The index wasn’t there before. You didn’t issue any command to create an index named get-together.

The mapping wasn’t previously defined. You didn’t define any mapping type called group in which

to define the fields from your document.

The curl command works because Elasticsearch automatically adds the get-together index for you and also creates a new mapping for the type group. That mapping contains a definition of your field as strings. Elasticsearch handles all this for you by default, which enables you to start indexing without any prior configuration. You can change this default behavior if you need to, as you’ll see in chapter 3.

Creating an index manually

You can always create an index with a PUT request similar to the request used to index a document:

% curl -XPUT 'localhost:9200/new-index'

{"acknowledged":true}

Creating the index itself takes more time than creating a document, so you might want to have the index ready beforehand. Another reason to create indices in advance is if you want to specify different settings than the ones Elasticsearch defaults to—for example, you may want a specific number of shards. We’ll show you how to do these things in chapter 9—because you’d typically use many indices as a way of scaling out.

Getting the mapping

As we mentioned, the mapping is automatically created with your new document, and Elasticsearch automatically detects your name and organizer fields as strings. If you add a new document with yet another new field, Elasticsearch guesses its type, too, and appends the new field to the mapping.

To view the current mapping, issue an HTTP GET to the _mapping endpoint of the index. This would show you mappings for all types within that index, but you can get a specific mapping by specifying the type name under the _mapping endpoint:

% curl 'localhost:9200/get-together/_mapping/group?pretty'

{

"get-together" : {

"mappings" : {

"group" : {

"properties" : {

"name" : { "type" : "string"

},

"organizer" : { "type" : "string"

}

}

}

}

}

}

The response contains the following relevant data:

Index name—get-together

_Type name—_group

_Property list—_name and organizer

Property options— The type option is string for both properties

We talk more about indices, mappings, and mapping types in chapter 3. For now, let’s define a mapping and then index some documents by running a script from the code samples that come with this book.

2.3.3. Indexing documents from the code samples

Before we look at searching through the indexed documents, let’s do some more indexing by running populate.sh from the code samples. This will give you some more sample data in order to do searches later on.

Downloading the code samples

To download the source code, visit https://github.com/dakrone/elasticsearch-in-action, and then follow the instructions from there. The easiest way to get them is by cloning the repository: git clone https://github.com/dakrone/elasticsearch-in-action.git

If you’re on Windows, it’s best to install Cygwin first from https://cygwin.com. During the installation, add git and curl to the list of packages to be installed. Then you’ll be able to use git to download the code samples and bash to run them.

The script first deletes the get-together index you created. Then it recreates it and creates the mapping that’s defined in mapping.json.
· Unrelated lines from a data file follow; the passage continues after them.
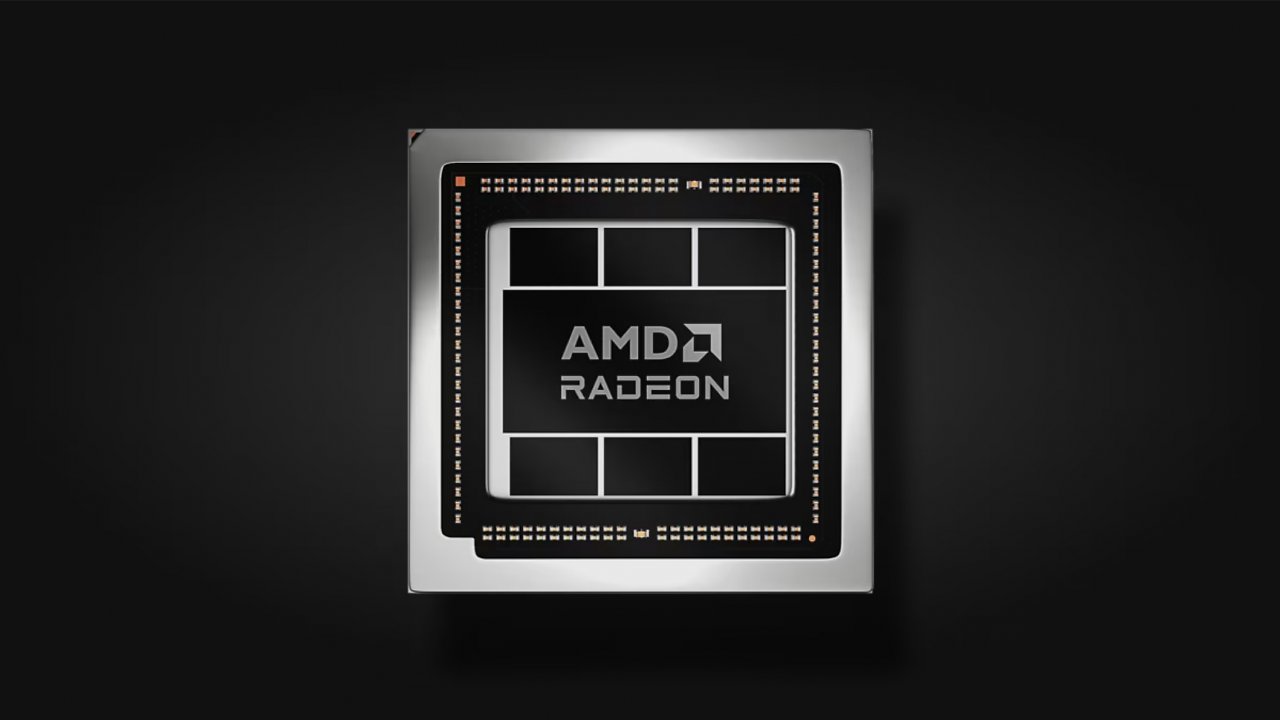 [19/10/2023] AMD Radeon RX 7900M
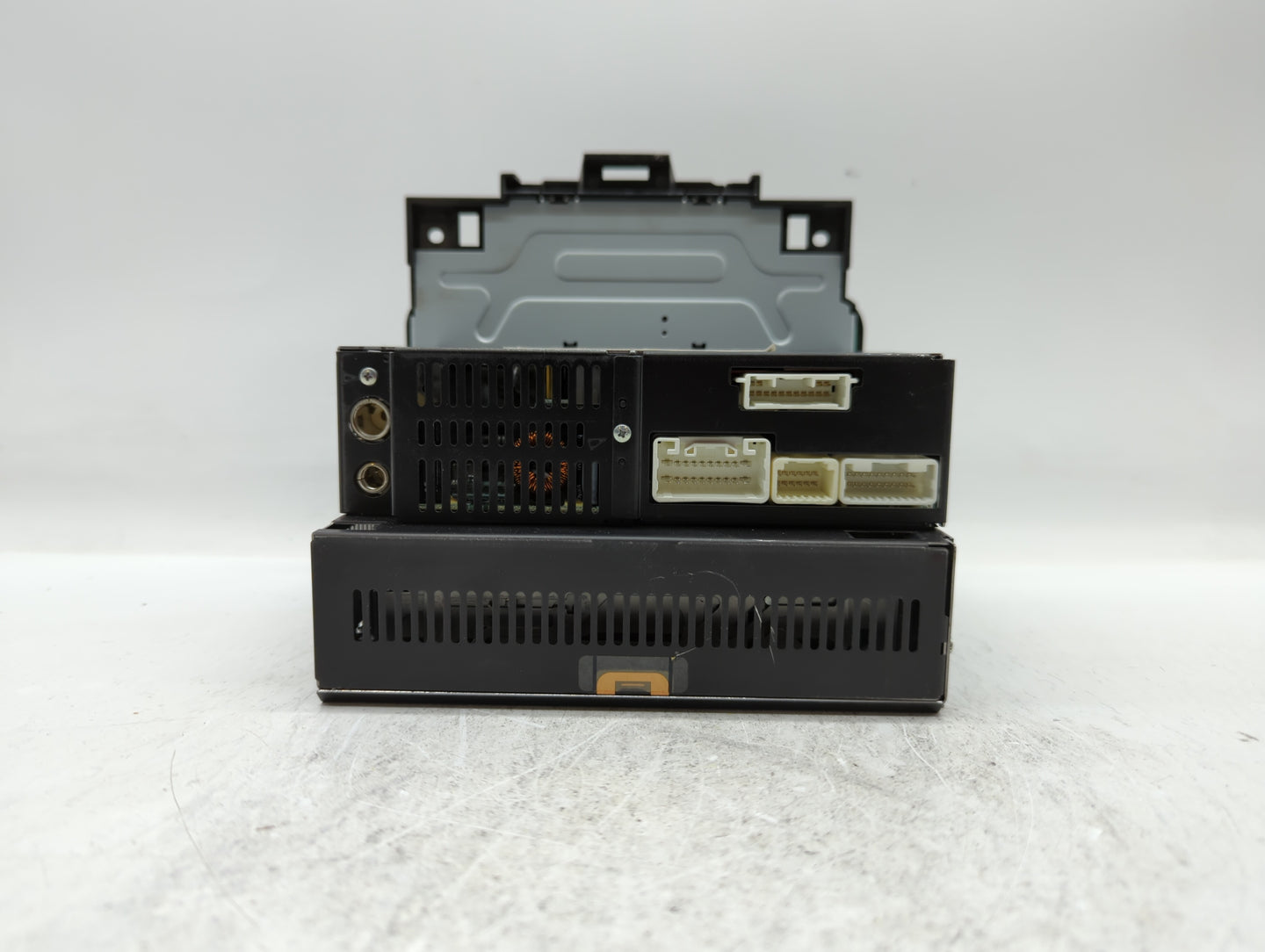 2007-2009 Lexus Es350 Am Fm Cd Player Radio Receiver - Oemusedautoparts1.com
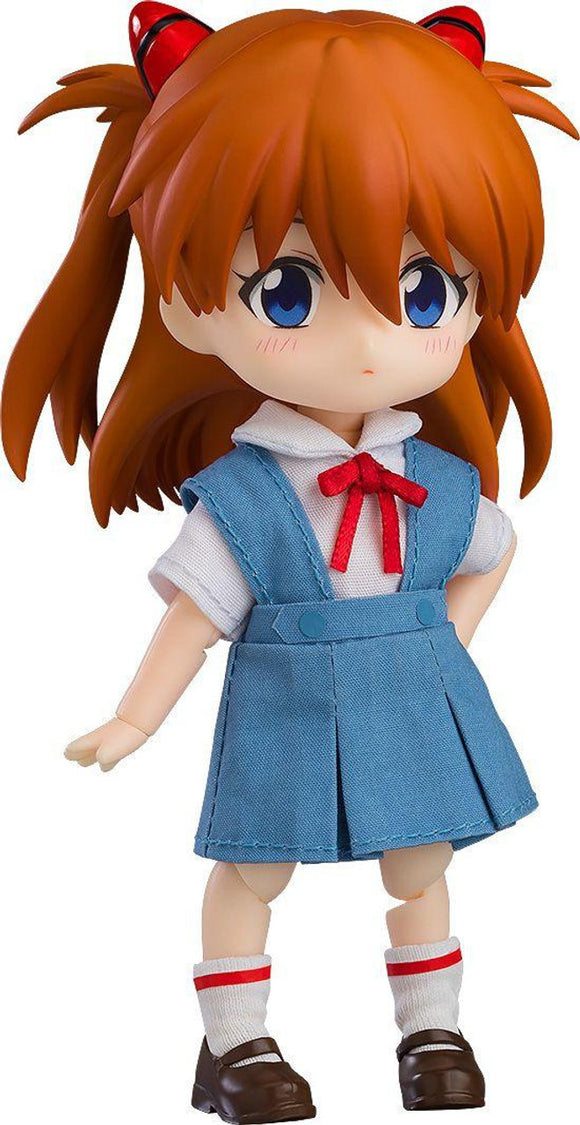 Nendoroid Doll Asuka Shikinami Langley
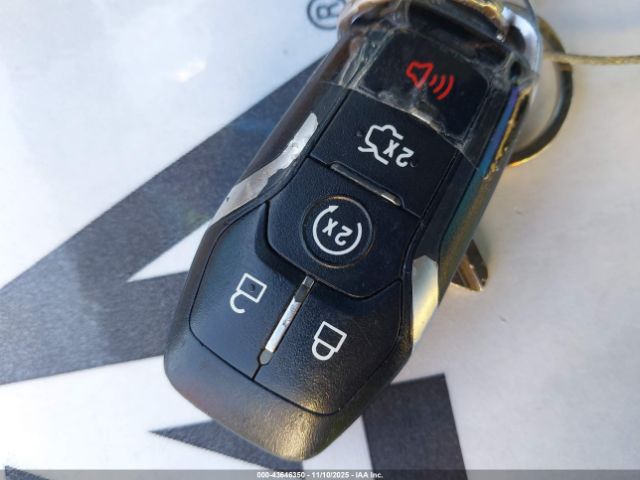 2016 FORD EXPLORER 1FM5K7D8XGGA03798 Photo 10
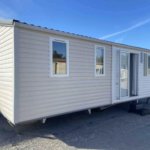 Mobil-home occasion - IRM 26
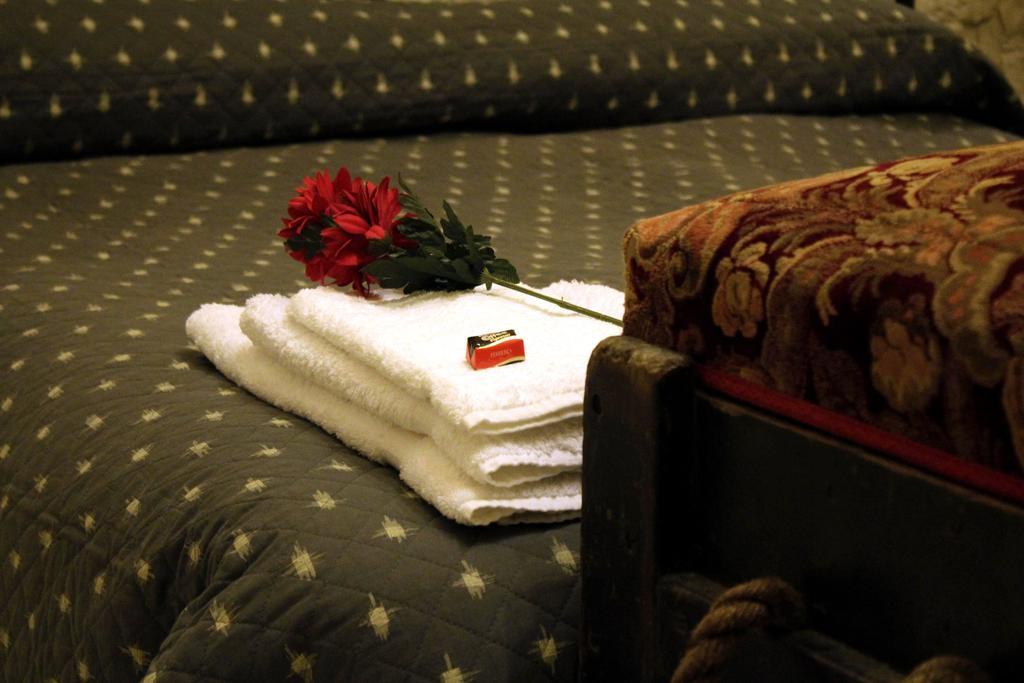 B&B Sottocoperta Μπισέλιε Δωμάτιο φωτογραφία
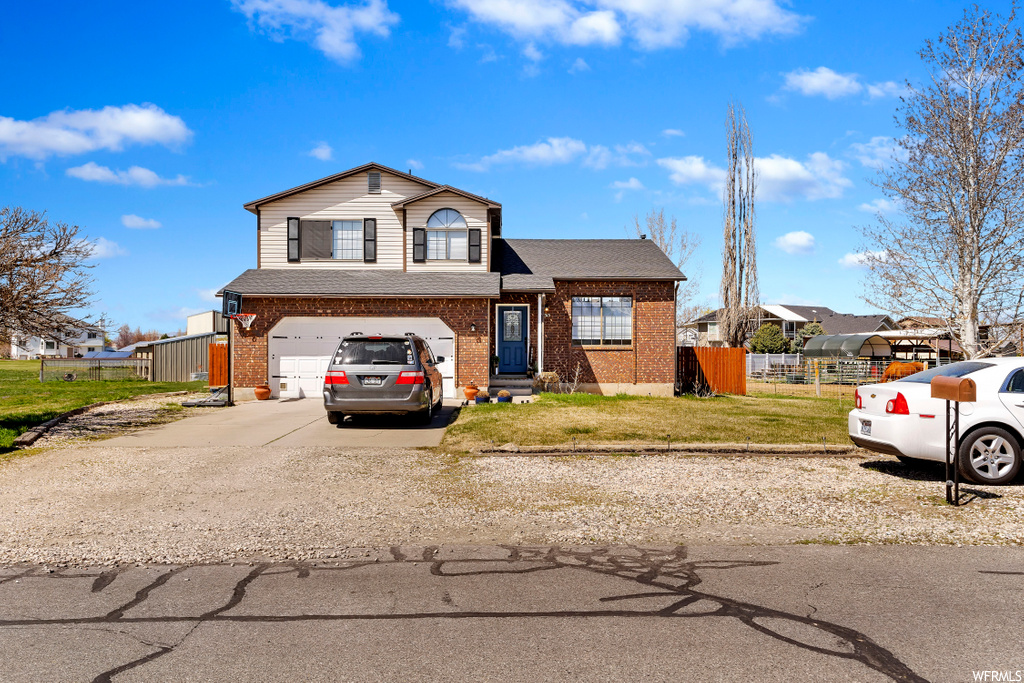 4315 S 4375 W, West Haven, UT 84401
The mapping file specifies options other than those you’ve seen so far, and we explore them in the rest of the book, mostly in chapter 3. Finally, the script indexes documents in two types: group and event. There is a parent-child relationship between those types (events belonging to groups), which we explore in chapter 8. For now, ignore this relationship.

Running the populate.sh script should look similar to the following listing.

Listing 2.1. Indexing documents with populate.sh

% ./populate.sh WARNING, this script will delete the 'get-together' index and re-index all data!

Press Control-C to cancel this operation. Press [Enter] to continue.

After running the script, you’ll have a handful of groups that meet and the events planned for those groups. Let’s look at how you can search through those documents.